10.4      Quorum: Three Directors shall form a quorum for the transaction of business and, notwithstanding any vacancy among the Directors, a quorum may exercise all the powers of the Directors. No business shall be transacted at a meeting of Directors unless a quorum is present.

10.4.1 A Director may, if all the Directors consent, participate in a meeting of Directors or of any committee of the Directors by means of such telephone or other communications facilities as permit all persons participating in the meeting to hear each other and a Director participating in such a meeting by such means is deemed to be present at that meeting.

10.5 Voting: Questions arising at any meeting of the Directors shall be decided by a majority of votes. In case of an equality of votes, the Chair of the meeting in addition to his original vote shall have a second or casting vote.

10.6 Resolution in lieu of meeting: Notwithstanding any of the foregoing provisions of this bye–law, a resolution in writing signed by all the Directors entitled to vote on that resolution at a meeting of the Directors or any committee of the Directors is as valid as if it had been passed at a meeting of the Directors or any committee of the Directors.

11.        STAFF

11.1 The Company shall appoint such staff as is required for the attainment of its purpose and the staff shall be paid remuneration agreed by the Board of Directors.

11.2      No member of the Board of Directors may be appointed a member of staff within two years of ceasing to be a Directors.

12.       FOR THE PROTECTION OF DIRECTORS AND OFFICERS

12.1      No Directors or officer of the Company shall be liable to the Company for –

  • the acts, receipts, neglects or defaults of any other Directors or officer or employee or for joining in any receipt or act for conformity;
  • any loss, damage or expense incurred by the Company through the insufficiency or deficiency of title to any property acquired by the Company or for or on behalf of the Company;
  • the insufficiency or deficiency of any security in or upon which any of the moneys of or belonging to the

Company shall be placed out or invested;

  1. d) any loss or damage arising from the bankruptcy, insolvency or tortious act of any person, including any person with whom any moneys, securities or effects shall be lodged or deposited;

(e) any other loss, damage or misfortune whatever which may happen in the execution of the duties of his respective office or trust or in relation thereto, unless the same happens by or through his failure to exercise the powers and to discharge the duties of his office honestly and in good faith with a view to the best interests of the Company and in connection therewith to exercise the care, diligence and skill that a reasonably prudent person would exercise in comparable circumstances.

12.2 Nothing herein contained shall relieve a Director or officer from the duty to act in accordance with the Act or regulations made thereunder or relieve him from liability for a breach thereof.

12.3 The Directors for the time being of the Company shall not be under any duty or responsibility in respect of any contract, act or transaction whether or not made, done or entered into in the name, or on behalf, of the Company, except such as are submitted to and authorized or approved by the Directors.

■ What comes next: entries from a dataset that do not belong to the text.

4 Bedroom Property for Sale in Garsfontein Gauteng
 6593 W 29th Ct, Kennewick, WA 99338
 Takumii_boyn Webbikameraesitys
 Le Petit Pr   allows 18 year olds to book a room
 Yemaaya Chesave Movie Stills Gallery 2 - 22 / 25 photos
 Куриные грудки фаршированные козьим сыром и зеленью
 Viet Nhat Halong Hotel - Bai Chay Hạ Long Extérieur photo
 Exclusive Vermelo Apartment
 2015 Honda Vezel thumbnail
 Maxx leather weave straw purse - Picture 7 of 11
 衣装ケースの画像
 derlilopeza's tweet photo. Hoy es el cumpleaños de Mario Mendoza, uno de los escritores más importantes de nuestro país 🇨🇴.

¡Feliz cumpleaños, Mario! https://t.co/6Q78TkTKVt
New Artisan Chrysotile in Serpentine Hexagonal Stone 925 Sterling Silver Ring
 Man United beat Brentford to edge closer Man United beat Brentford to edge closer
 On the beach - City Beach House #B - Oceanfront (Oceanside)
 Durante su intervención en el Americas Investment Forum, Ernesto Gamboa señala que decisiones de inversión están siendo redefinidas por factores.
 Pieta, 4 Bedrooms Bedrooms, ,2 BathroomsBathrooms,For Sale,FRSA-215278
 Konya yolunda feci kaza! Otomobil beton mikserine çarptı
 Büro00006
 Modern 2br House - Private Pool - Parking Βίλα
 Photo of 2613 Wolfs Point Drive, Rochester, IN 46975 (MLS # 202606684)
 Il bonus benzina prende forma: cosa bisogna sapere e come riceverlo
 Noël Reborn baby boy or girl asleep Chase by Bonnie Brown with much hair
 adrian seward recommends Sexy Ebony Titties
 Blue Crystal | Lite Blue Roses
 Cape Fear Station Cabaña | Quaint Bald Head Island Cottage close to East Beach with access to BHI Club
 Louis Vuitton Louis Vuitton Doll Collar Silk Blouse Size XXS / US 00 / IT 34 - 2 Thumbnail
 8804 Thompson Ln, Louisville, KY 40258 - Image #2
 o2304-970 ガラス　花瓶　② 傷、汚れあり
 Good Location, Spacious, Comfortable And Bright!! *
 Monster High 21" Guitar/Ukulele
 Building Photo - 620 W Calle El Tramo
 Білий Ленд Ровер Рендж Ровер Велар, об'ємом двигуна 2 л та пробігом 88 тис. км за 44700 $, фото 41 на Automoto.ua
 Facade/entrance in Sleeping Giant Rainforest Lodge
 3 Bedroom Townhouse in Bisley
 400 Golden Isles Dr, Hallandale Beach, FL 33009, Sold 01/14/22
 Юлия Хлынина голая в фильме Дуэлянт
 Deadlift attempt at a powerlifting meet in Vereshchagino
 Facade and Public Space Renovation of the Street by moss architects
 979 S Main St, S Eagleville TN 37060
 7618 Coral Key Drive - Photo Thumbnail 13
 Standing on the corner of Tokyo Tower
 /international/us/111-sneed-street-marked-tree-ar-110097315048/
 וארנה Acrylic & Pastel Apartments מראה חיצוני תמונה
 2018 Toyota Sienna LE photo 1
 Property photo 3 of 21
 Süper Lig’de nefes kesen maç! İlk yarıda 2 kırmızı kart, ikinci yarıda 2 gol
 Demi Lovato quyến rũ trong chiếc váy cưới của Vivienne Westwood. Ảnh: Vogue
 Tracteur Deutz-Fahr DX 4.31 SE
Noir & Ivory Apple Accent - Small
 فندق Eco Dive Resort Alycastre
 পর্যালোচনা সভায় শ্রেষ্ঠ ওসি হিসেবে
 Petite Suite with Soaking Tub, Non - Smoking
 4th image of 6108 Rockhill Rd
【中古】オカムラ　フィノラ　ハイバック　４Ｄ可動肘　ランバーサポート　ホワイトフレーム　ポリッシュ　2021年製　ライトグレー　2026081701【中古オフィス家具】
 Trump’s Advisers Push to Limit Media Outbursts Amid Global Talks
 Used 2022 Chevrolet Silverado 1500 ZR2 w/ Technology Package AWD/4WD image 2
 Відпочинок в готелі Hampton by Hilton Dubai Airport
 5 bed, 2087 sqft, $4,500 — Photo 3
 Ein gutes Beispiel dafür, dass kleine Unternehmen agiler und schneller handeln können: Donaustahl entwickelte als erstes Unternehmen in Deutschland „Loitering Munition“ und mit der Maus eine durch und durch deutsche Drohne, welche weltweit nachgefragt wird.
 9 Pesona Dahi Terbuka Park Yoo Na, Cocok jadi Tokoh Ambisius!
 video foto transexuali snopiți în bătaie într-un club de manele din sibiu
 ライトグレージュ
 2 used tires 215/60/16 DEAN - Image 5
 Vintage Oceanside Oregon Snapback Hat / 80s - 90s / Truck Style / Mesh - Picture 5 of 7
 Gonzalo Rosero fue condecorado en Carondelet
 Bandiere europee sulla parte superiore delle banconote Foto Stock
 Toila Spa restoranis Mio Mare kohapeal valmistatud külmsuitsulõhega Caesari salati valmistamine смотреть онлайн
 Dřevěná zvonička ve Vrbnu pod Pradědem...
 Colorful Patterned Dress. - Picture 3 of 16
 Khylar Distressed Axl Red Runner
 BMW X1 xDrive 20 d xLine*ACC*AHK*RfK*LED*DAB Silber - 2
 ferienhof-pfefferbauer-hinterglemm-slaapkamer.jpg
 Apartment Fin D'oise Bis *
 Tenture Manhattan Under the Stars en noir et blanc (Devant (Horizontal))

12.4 If any Directors or officer of the Company is employed by or performs services for the Company otherwise than as a Directors or officer or is a member of a firm or a shareholder, Directors or an officer of a body corporate which is employed by or performs services for the Company, the fact of his being a member, Directors or officer of the Company shall not disentitle such Directors or officer or such firm or body corporate, as the case may be, from receiving proper remuneration for such services.

13.        MEETINGS OF MEMBERS

13.1      Annual General Meetings

  • Subject to the provisions of section 109 of the Act, the annual meeting of the members shall be held on such day in each year and at such time as the Directors may by resolution determine at any place within Trinidad and Tobago. The agenda shall include a report on activities, a financial statement and the appointment of auditors.
  • Nominations for election to the Board of Directors can only be accepted if they are received by the Secretary not less than seven days before the date set for the Annual General Meeting.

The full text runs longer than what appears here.